About
Robert Root is the author of two essay collections, Limited Sight Distance: Essays for Airwaves and Postscripts: Retrospections on Time and Place; the memoir Happenstance; and the literary travel memoirs, Recovering Ruth: A Biographer’s Tale, Following Isabella: Travels in Colorado Then and Now, and Walking Home Ground: In the Footsteps of Muir, Leopold, and Derleth. An Emeritus Professor of English at Central Michigan University he also taught creative nonfiction in the low-residency MFA Program at Ashland University, the Lighthouse Writers Workshop, and the Loft Literary Center. He co-edited the anthology The Fourth Genre: Contemporary Writers of/on Creative Nonfiction and edited or authored several other books on nonfiction. His essays have been widely published and listed as Notable Essays in Best American Essays. His website is www.rootwriting.com. He lives in Wisconsin.
Featured Work
Walking Home Ground: In the Footsteps of Muir, Leopold, and Derleth
A lyrical mix of memoir, travel writing, and environmental history.
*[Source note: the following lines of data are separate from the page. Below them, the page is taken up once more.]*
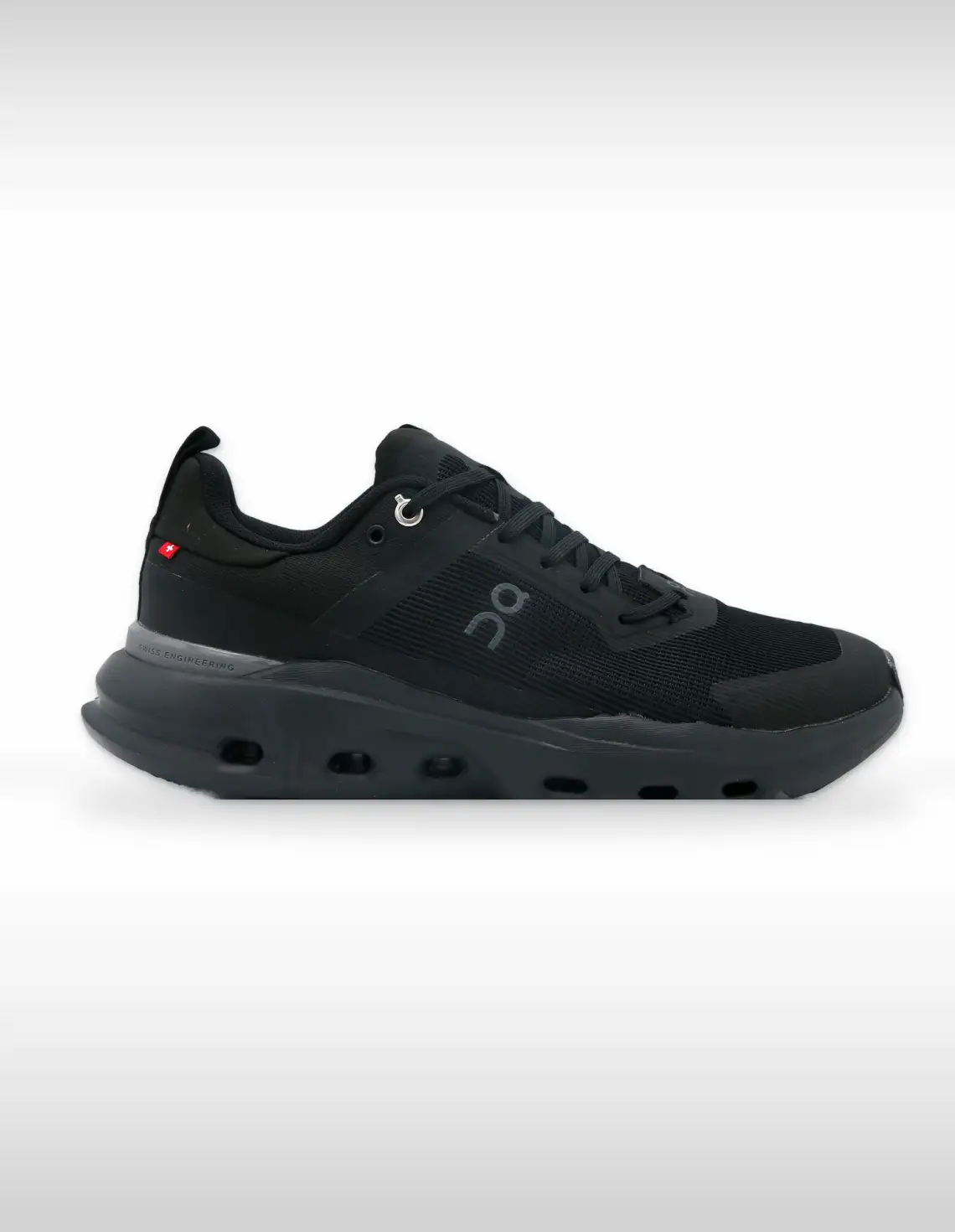 کتونی دویدن Unisex آن رانینگ Cloud Peak U
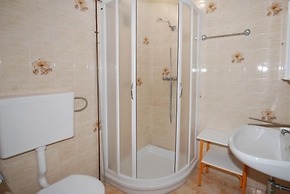 Villa Tiziana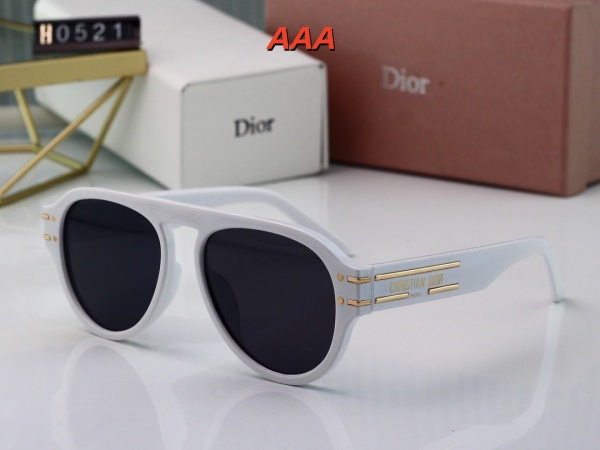 Dior-sunglass(AAA)-0565
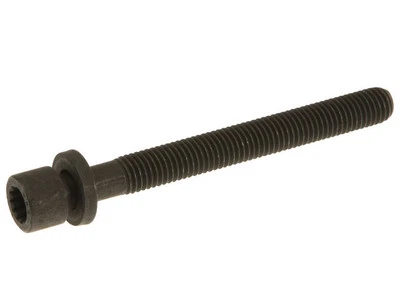 Perno de cabeza de camioneta Volkswagen Rabbit 1981-1983 Victor Reinz 23849BBWT 1982 Foto 1 de 2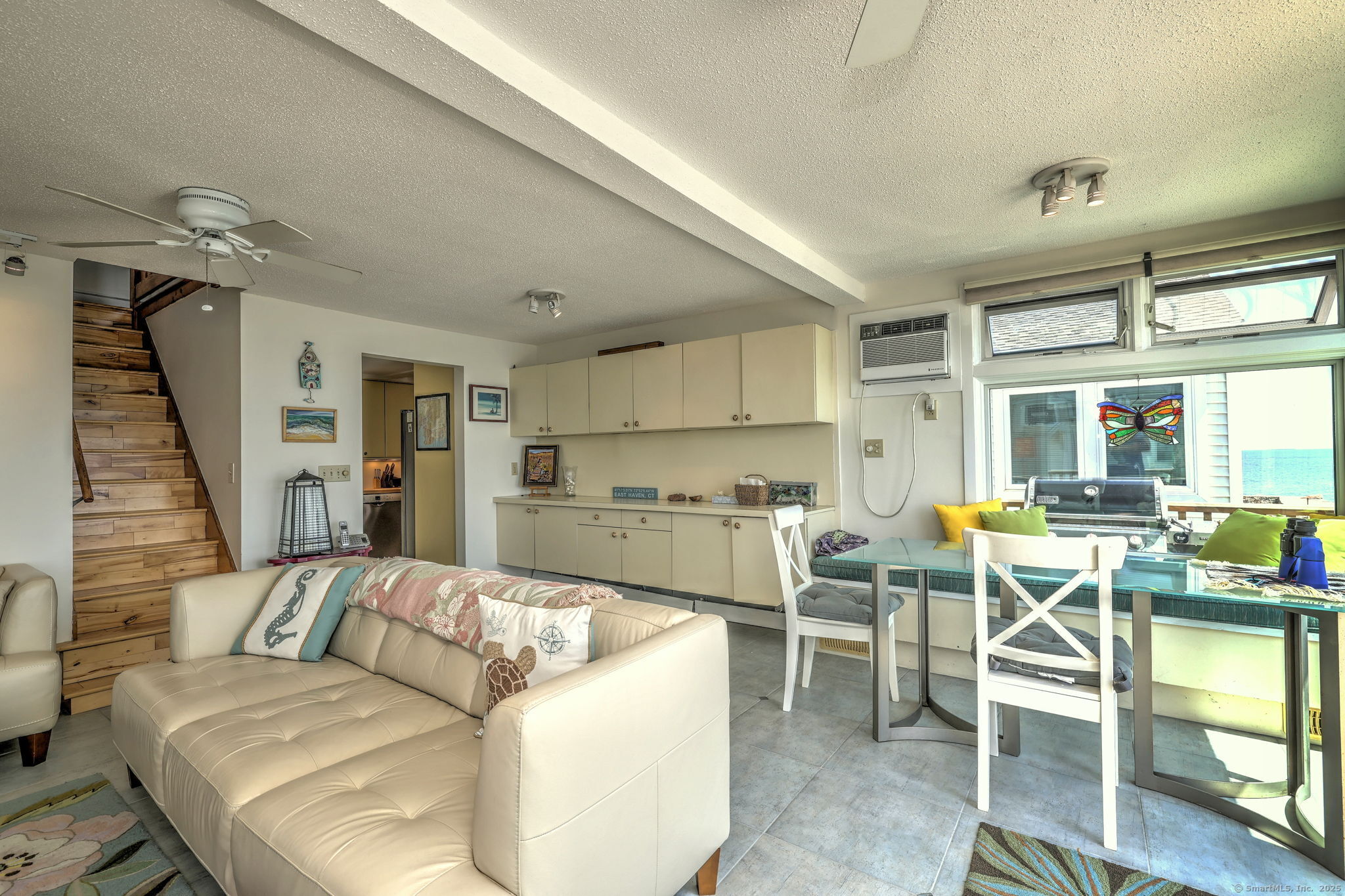 East Haven, Connecticut, 06512, United States, 2 Bedrooms Bedrooms, ,2 BathroomsBathrooms,Residential,For Sale,1917765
When longtime author Robert Root moves to a small town in southeast Wisconsin, he gets to know his new home by walking the same terrain traveled by three Wisconsin luminaries who were deeply rooted in place -- John Muir, Aldo Leopold, and August Derleth. Root walks with Muir at John Muir State Natural Area, with Leopold at the Shack, and with Derleth in Sac Prairie; closer to home, he traverses the Ice Age Trail, often guided by such figures as pioneering scientist Increase Lapham. Along the way, Root investigates the changes to the natural landscape over nearly two centuries, and he chronicles his own transition from someone on unfamiliar terrain to someone secure on his home ground.